# New BLD Guide - Hybrid 3-cycle and 2-cycle



## cuboholic (Jun 1, 2007)

Hey guys,

I just uploaded a guide to GottaCube.com

I don't have much to say, so check it out:

http://www.gottacube.com/sections/articles...tions/3x3x3bld/

Questions/Comments?


----------



## dChan (Jun 1, 2007)

I have yet to read through the whole thing but it looks good. I was wondering if you could make a printable page with picture cubes maybe or PDF? It is just that I don't usually read guides online since I have very limited time to get on. I would love to finish reading anyway even if there is no printable page, it looks very interesting.


----------



## cuboholic (Jun 2, 2007)

> _Originally posted by dChan_@Jun 1 2007, 07:10 PM
> * I have yet to read through the whole thing but it looks good.
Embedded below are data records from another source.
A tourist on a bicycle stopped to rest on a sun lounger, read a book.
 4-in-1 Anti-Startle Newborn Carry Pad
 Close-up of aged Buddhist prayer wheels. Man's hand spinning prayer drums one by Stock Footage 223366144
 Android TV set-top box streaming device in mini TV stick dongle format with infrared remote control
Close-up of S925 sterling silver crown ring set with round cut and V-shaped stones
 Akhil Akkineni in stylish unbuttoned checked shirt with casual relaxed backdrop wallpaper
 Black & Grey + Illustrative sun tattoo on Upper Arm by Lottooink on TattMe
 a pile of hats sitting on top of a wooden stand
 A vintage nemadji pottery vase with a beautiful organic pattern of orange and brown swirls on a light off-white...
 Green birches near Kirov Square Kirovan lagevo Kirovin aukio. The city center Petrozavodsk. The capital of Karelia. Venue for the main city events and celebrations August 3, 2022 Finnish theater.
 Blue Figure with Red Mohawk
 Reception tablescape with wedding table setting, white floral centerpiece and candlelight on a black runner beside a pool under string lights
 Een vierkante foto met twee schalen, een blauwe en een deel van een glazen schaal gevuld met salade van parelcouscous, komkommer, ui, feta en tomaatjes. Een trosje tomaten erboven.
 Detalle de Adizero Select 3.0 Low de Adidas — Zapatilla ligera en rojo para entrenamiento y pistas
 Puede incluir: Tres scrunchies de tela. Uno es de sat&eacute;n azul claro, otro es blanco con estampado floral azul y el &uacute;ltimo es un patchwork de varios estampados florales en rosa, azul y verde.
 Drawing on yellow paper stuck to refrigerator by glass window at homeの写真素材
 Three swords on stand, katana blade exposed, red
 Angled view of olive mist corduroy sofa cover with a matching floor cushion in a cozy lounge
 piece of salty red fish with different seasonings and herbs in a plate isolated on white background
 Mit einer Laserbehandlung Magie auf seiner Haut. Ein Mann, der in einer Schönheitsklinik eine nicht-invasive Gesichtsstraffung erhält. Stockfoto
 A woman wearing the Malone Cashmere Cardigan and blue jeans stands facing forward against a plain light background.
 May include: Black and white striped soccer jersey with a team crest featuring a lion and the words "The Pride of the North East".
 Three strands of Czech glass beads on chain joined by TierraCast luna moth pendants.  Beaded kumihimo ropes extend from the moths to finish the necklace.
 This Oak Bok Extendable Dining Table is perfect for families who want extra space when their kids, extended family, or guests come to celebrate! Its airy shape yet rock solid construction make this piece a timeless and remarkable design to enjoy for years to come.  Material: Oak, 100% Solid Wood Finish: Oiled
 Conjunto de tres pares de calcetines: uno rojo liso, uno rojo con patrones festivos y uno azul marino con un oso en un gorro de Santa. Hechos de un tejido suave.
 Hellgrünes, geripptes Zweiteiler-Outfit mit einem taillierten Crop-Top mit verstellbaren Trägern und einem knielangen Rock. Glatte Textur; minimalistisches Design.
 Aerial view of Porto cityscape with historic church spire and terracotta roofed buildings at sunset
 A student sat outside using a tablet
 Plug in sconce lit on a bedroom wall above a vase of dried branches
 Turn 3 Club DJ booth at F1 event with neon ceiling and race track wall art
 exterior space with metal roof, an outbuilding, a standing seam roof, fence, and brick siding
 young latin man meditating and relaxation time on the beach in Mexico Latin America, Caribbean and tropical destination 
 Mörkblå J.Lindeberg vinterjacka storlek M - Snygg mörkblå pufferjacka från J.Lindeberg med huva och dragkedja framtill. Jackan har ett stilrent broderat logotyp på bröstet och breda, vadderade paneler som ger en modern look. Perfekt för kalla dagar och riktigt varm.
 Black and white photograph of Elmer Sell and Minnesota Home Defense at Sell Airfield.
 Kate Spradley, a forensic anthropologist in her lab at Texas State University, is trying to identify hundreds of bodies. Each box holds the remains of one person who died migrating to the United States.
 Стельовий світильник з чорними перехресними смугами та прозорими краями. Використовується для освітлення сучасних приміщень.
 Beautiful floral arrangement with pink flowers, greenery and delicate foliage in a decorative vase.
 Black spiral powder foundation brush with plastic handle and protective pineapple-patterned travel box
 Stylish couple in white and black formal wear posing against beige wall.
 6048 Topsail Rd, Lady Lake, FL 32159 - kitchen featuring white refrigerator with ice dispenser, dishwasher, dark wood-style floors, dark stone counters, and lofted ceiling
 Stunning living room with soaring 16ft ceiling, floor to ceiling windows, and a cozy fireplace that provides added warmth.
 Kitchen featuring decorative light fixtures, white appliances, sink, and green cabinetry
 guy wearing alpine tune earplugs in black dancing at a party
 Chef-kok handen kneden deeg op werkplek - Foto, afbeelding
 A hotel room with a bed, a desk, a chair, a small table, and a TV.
I was wondering if you could make a printable page with picture cubes maybe or PDF? It is just that I don't usually read guides online since I have very limited time to get on. I would love to finish reading anyway even if there is no printable page, it looks very interesting. *


 I'm kinda busy with school right now, but when I get the time, I'll try to remember to put a printable version online. Thanks for the suggestion.

Have you finished reading it yet?


----------



## pjk (Jun 3, 2007)

Looks great, good work.


----------